▶ _YOUR ASSIGNMENT_
Please set down, word for word, the line that contains "New 2026 GMC" and every line after it to the end of the entries below, omitting the pictures.

Short descriptive text snippets
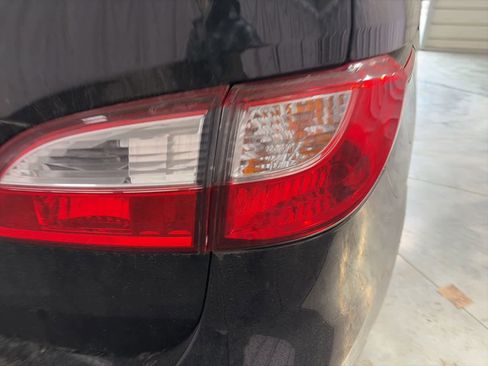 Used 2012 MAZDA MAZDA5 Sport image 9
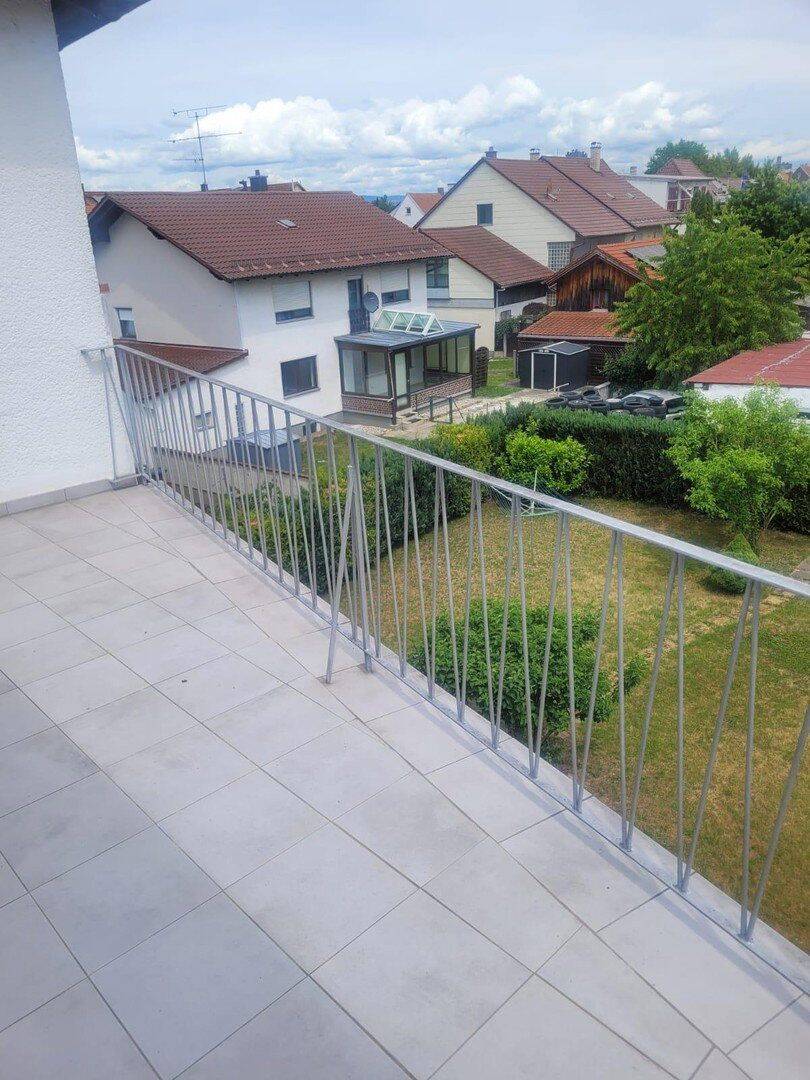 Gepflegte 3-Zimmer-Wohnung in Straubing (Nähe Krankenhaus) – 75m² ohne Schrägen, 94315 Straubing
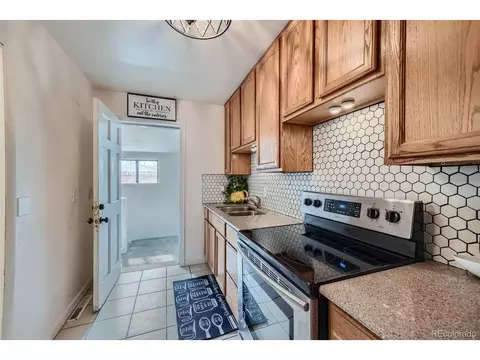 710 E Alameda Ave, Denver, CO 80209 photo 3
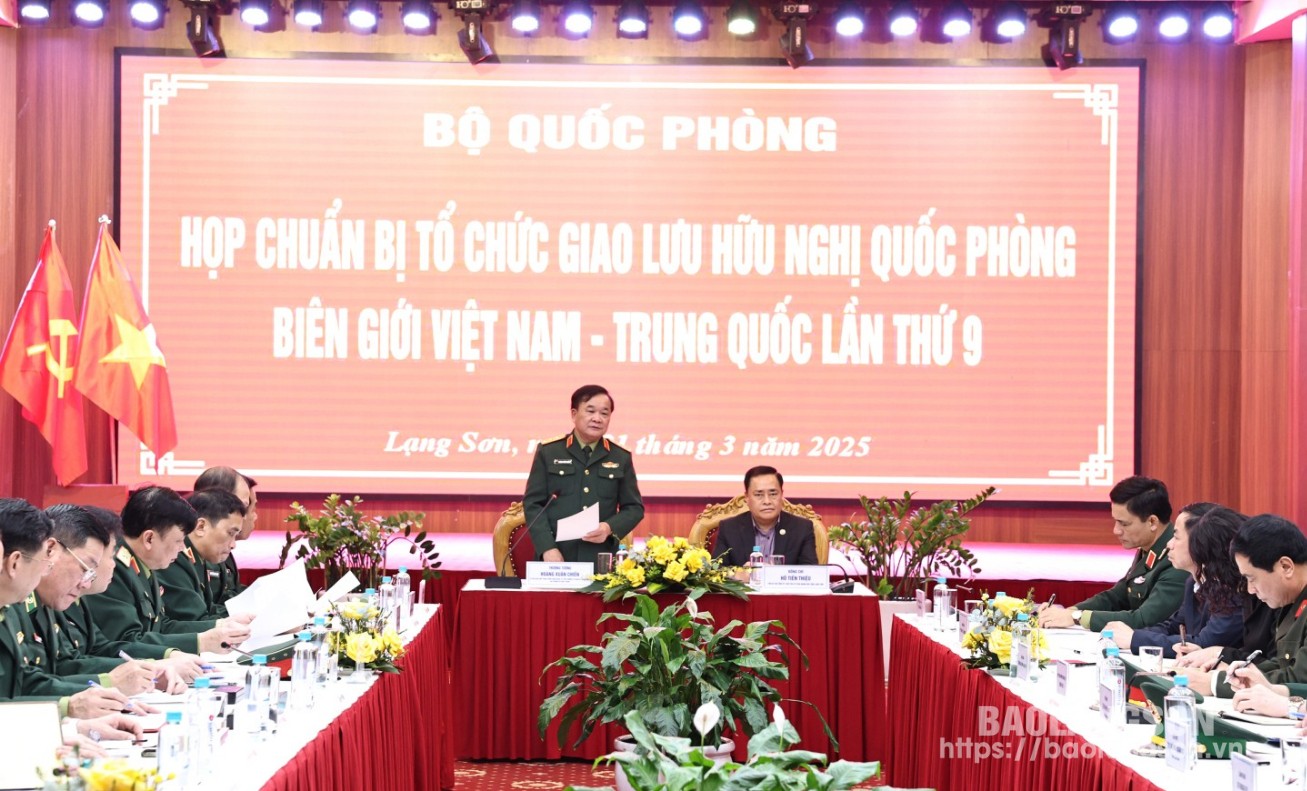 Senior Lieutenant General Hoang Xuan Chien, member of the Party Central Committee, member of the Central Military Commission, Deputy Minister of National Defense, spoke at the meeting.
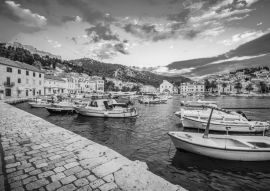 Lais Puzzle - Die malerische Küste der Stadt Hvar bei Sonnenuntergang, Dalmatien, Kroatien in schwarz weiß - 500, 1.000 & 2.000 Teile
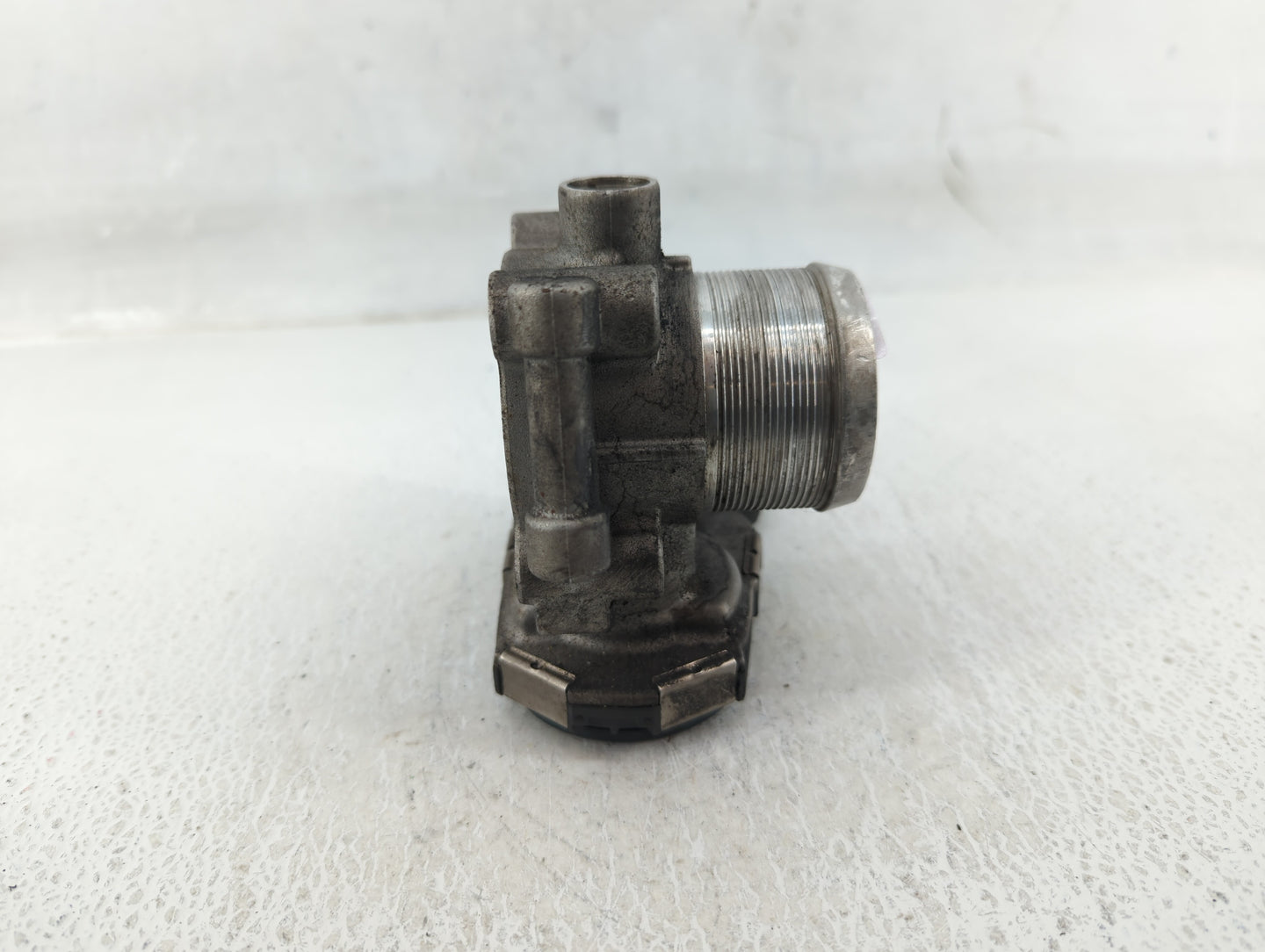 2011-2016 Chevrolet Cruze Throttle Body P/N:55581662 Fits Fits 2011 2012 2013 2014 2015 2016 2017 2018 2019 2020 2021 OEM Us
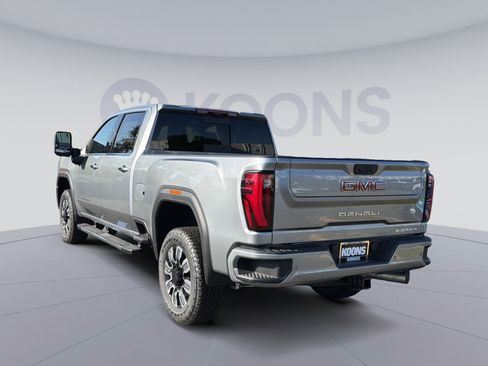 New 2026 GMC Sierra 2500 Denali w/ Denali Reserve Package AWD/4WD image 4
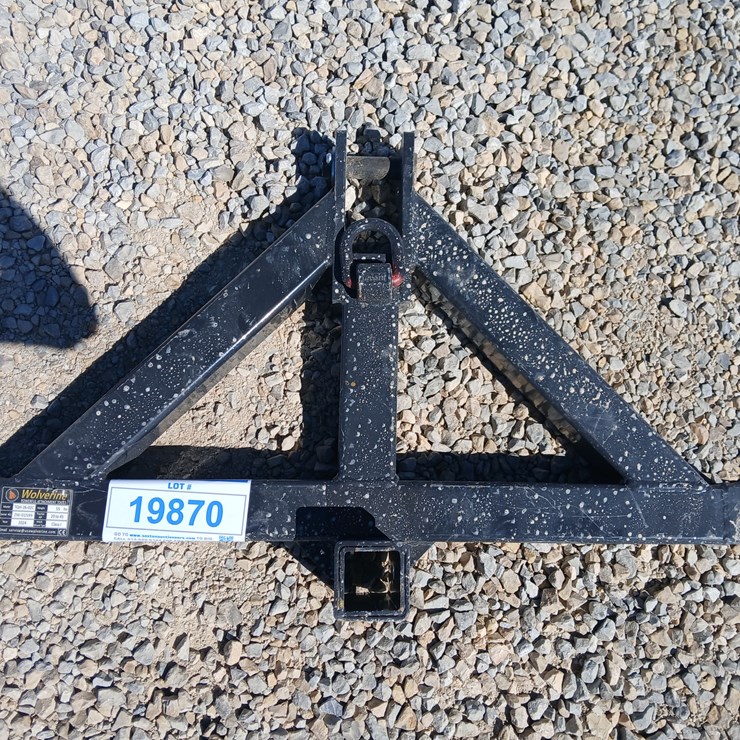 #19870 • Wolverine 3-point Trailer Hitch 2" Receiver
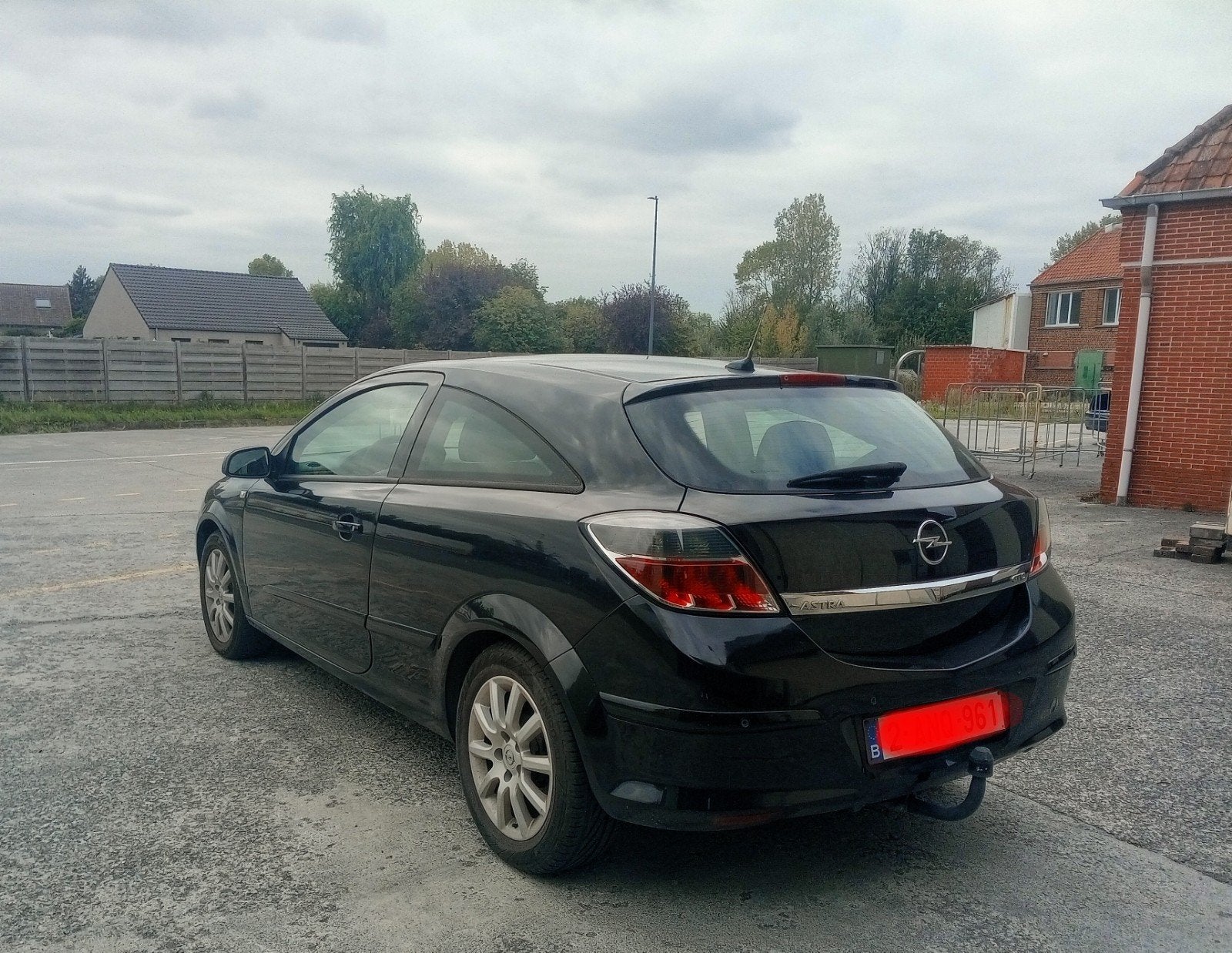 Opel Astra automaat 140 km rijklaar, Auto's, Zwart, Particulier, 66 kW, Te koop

▶ _REPLY TO THE TASK_
 New 2026 GMC Sierra 2500 Denali w/ Denali Reserve Package AWD/4WD image 4
 #19870 • Wolverine 3-point Trailer Hitch 2" Receiver
 Opel Astra automaat 140 km rijklaar, Auto's, Zwart, Particulier, 66 kW, Te koop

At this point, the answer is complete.